What's more, Scott won big, by a 69-31 margin. People are shocked, shocked — certain this turn of events means something significant about race relations in America and the South.
I agree that Scott's win, coupled with Nikki Haley's, is a sign of racial progress. But I don't think these results are surprising — or evidence that our country, South Carolina, the GOP or the Tea Party has moved past its problems with race. It's too soon to put another notch in the belt of post-racialism.
Let me be clear: I don't doubt that South Carolina — like the nation — is slowly marching beyond from its history of racism. It's simply that I'm not convinced this election is proof of the fact that we've arrived. To read into the South Carolina election results in that manner is to misunderstand our society's complex relationship with race. People who hold racial prejudices are not one-dimensional, mustache-twirling villains without human capacity for contradiction. One can, for example, believe that white culture is inherently superior to African-American culture and still vote for an individual black man who seems to share your political beliefs. Indeed, I don't doubt that some Democrats did just that in the 2008 election.
Tim Scott does have similar beliefs to many white, ultra-conservative South Carolinians. That's not surprising, either. The black community has always contained a diversity of opinion — we're not a monolith. And those of us who embrace the rhetoric of the right wing and are willing to minimize the continued existence of racism have often been embraced right back. Tim Scott, for example, calls Democrats "socialists," and describes Tea Party members as "colorblind." He supports steep tax cuts, Ronald Reagan and governing from the "far, conservative right." With his conservative bonafides, Scott would make the perfect "exception" for someone normally averse to black folks.
Lastly, racism has never been logical. Longtime South Carolina Sen. Strom Thurmond fought tooth and nail to deny equal rights to black Americans, while financially supporting and maintaining a relationship with his own biracial black daughter.
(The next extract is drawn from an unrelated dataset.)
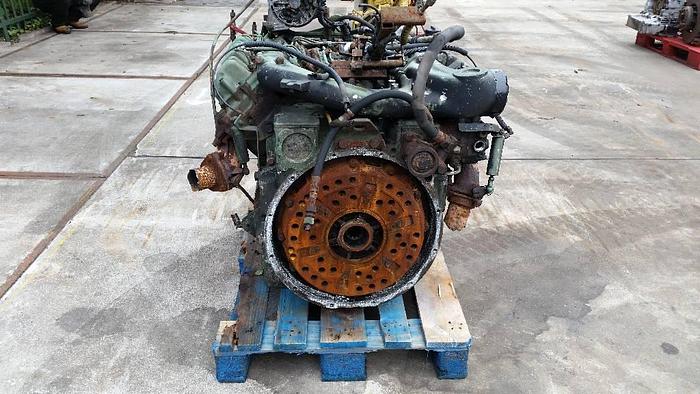 Used Mercedes-Benz OM 442 for sale - the Netherlands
Prejudice works in mysterious ways.
But the fact that a black man has routed a son of the States' Rights Party — that has to have some meaning, right? But what kind of meaning? That South Carolina — a state that removed the Confederate flag from its statehouse a mere 135 years following the Civil War, and where a prominent GOP activist was last seen apologizing for comparing our African-American First Lady to a gorilla — is actually quite racially tolerant? That Tea Party members aren't as racially biased as the offensive signs they bear would imply? That people of color can be wrongheaded and right-leaning, too?
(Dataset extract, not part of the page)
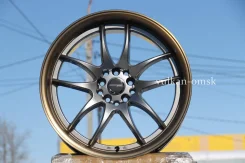 Work Emotion CR 2P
It certainly is a good sign that — even within a party and a state with reputations for being less than racially enlightened — people of color can succeed. But it's hardly proof of racism's demise. A better indication of where we stand on race are the recent studies that demonstrate racial bias in South Carolina's jury selection. If we care about racial equality, we have to caution against letting the high-profile achievements of some distract us from the less buzz-worthy evidence of continued structural biases, and the work we have yet to do.